Mme Éliane Assassi. C’est vrai ! Mais qui a supprimé des milliers de postes dans la police ?
M. François Bonhomme. Mais alors, madame Assassi, pensez-vous vraiment que c’est en rendant impraticable l’exercice des prérogatives majeures du maintien de l’ordre public que l’on va améliorer cette situation ?
Mme Éliane Assassi. Ne racontez pas n’importe quoi !
M. François Bonhomme. C’est quand même un drôle de paradoxe : la proposition de loi accrédite l’idée auprès des « jeunes », auxquels elle est censée s’adresser, qu’ils ne sont pas dans un État de droit, que les policiers sont des ennemis de classe, face à un État détenteur de la force brutale et indistincte pour quiconque est l’objet d’une vérification d’identité ou manifeste pacifiquement.
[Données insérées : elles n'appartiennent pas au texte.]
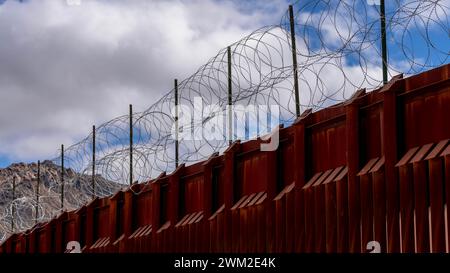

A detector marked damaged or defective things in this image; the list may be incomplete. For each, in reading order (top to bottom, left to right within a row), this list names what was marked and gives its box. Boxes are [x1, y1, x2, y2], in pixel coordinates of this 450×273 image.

rusty red border wall [0, 62, 450, 252]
Mme Évelyne Didier. Vous êtes vraiment content de vous ?
M. François Bonhomme. Elle est là, l’erreur majeure !
Enfin, je dirai un mot sur la récente campagne d’affichage de la CGT. (Exclamations sur les travées du groupe CRC.)
Mme Éliane Assassi. Mme la secrétaire d’État n’en a pas parlé, alors il faut que ce soit vous qui le fassiez ! C’est nul !
M. François Bonhomme. Ce syndicat, qui se pique de « défendre vos droits », a fait circuler deux affiches.
M. le président. Veuillez conclure, mon cher collègue.
M. François Bonhomme. Je conclus, monsieur le président.
L’une d’entre elles comporte une photo représentant un alignement de Rangers souillées de sang avec le slogan « Stop à la répression ». Malheureusement, toutes les forces politiques ne l’ont pas condamnée.
Mme Laurence Cohen. Quel est le rapport ?
M. François Bonhomme. Voilà assurément qui n’est pas de nature à améliorer la confiance entre la police et les « jeunes ».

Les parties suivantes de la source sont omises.